The coded imagery of maritime flags “wink to the history of Latin American Concrete art and modernist geometry,” she said. “It feels like a good metaphor for what you do as an artist.”

Up to 10 people can play simultaneously, and Pica hopes strangers will team up.

Las Hermanas Iglesias, ‘DiMeLo’

Las Hermanas Iglesias, the Queens-born sister duo Lisa and Janelle Iglesias, have frequently turned to table tennis “to engage in problem-solving and bounce things back and forth quite literally,” Lisa said. In their practice, Las Hermanas Iglesias often make projects that are interactive, disruptive and absurd.

For Rockaway Beach, which the sisters visited throughout their childhood, they created a hybrid table that can be “played” as sport and musical instrument. The surface is embedded with tom drums, cymbals, a handpan and the bars of a glockenspiel tuned to the key of A — a nod to “Take the ‘A’ Train.”

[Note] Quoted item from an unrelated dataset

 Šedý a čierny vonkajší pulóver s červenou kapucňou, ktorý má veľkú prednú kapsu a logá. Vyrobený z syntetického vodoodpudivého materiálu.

“We wanted to draw from a rich diversity of different musical traditions but also instruments that would benefit from the stroke of a Ping-Pong ball and that sonic randomness,” Janelle said. Lisa added: “It also hits upon that playful noncompetitive sibling dynamic we’ve experienced for our lives.”

Carlos H. Matos, ‘Tlachco’

This Mexico City-based artist draws on pre-Hispanic Mexican traditions and modernist architecture. Matos has merged the dimensions of table tennis — which he played as a child in his garden — with the design of courts found at archaeological sites for Ulama, the ancient Mesoamerican ballgame.

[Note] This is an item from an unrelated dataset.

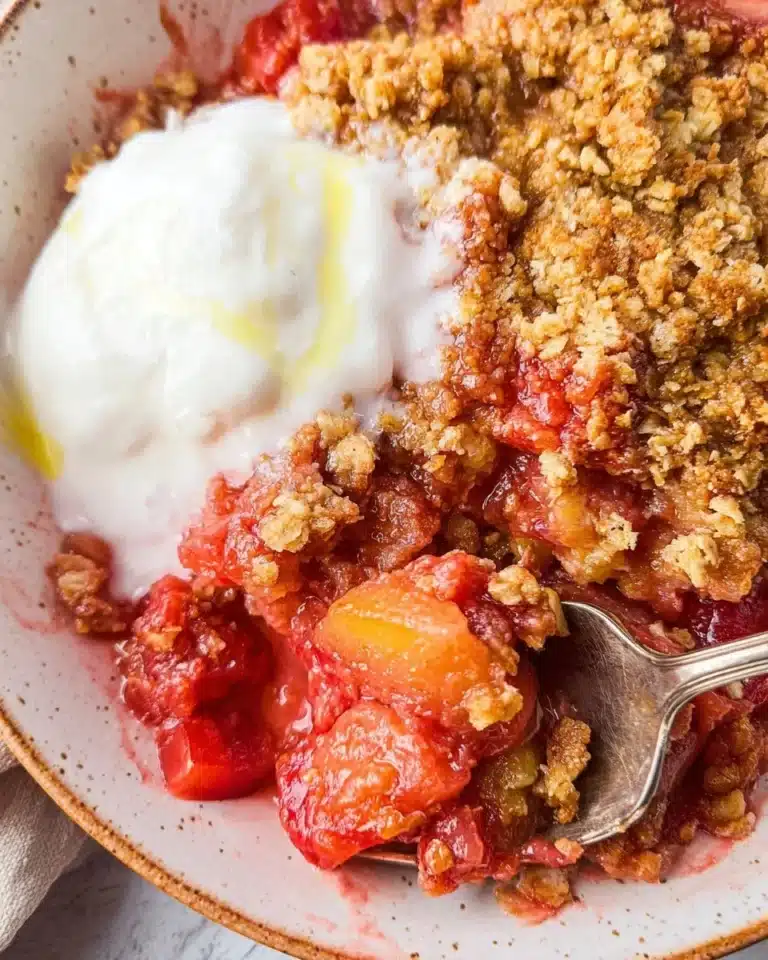 Delicious rhubarb crisp dessert topped with a golden oat crumble.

Symbolic of cosmic battlers, Ulama players use their hips, forearms and thighs to strike a large rubber ball. “The game is having a rebirth in recent times,” said Matos, whose mash-up table has angled side walls on which to spin the ball off and back into the court. “There is not a clearly defined way of playing Ulama,” he said. “The game is still in the imagination somehow.”

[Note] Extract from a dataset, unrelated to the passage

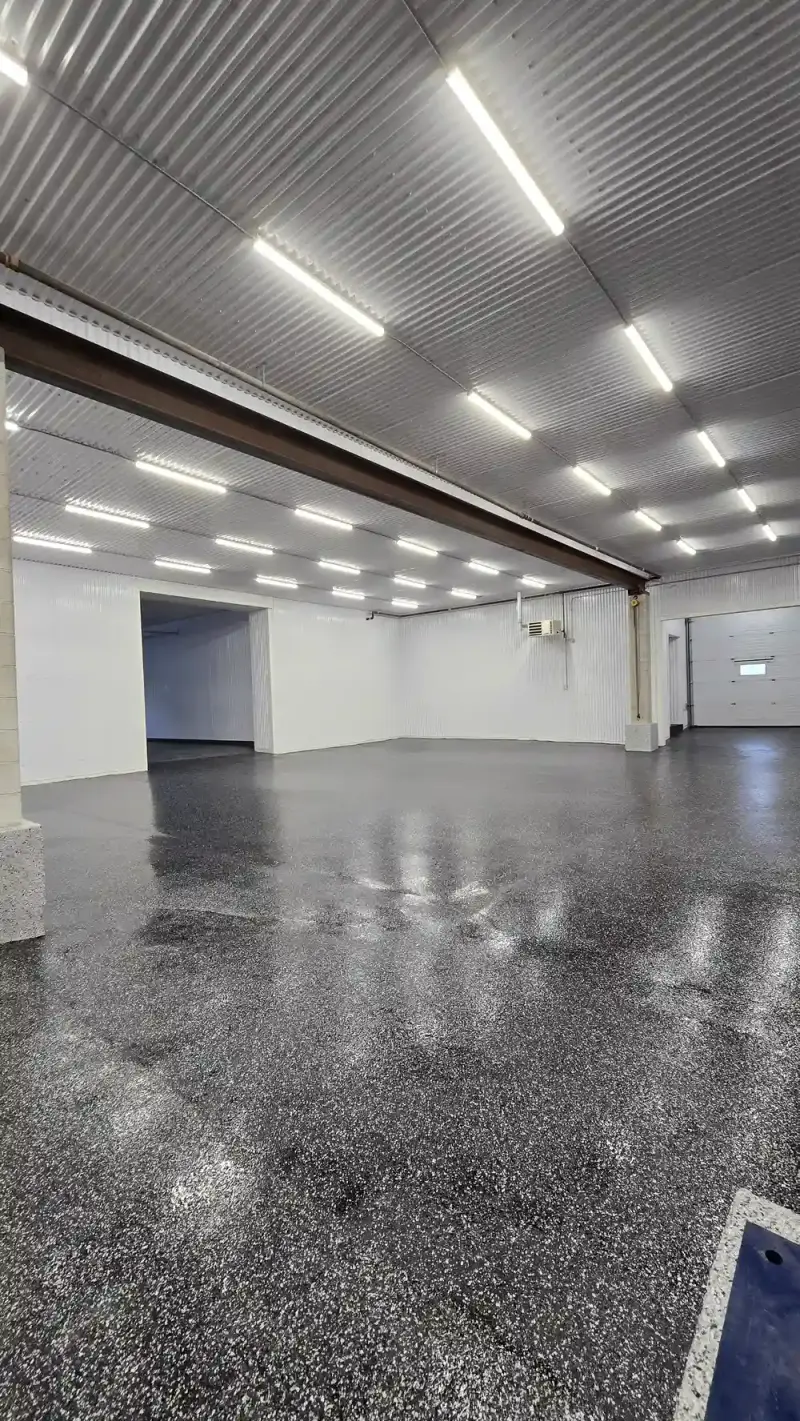 Glossy black flake epoxy floor in a commercial shop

At Rockaway, players can reinvent the game with table-tennis paddles and balls. Matos’s tabletop, made of aluminum with a volcanic rock base, has a futuristic look and two tall posts with small hoops that flank the center line.

“In some parts of Mesoamerica, when you passed the ball through the hoop, you automatically won,” he said. “It’s very beautiful to try to decipher how these things might have worked.”

Ilana Harris-Babou, ‘for those of us who live at the shoreline’

“I have an ambivalent relationship to Ping-Pong,” said the artist, a Brooklynite who has used sculpture, installation and video humorously to consider how people shape their identities through objects. “As a New Yorker, I can’t swim,” she said. “As an artist, I’m bad at sports.”

To equalize the field for all, Harris-Babou has embedded the sparkly terrazzo surface of her table with an obstacle course of paraphernalia cast in ceramic, including flip-flops, sunblock, a book, a water bottle and sunglasses.

“Everyone will be bad, so that might make it inviting to more people to try it out or imagine doing something else with it,” said Harris-Babou, who has provided adjacent seating for those who merely want to have a beer, she suggested, or change their baby’s diaper.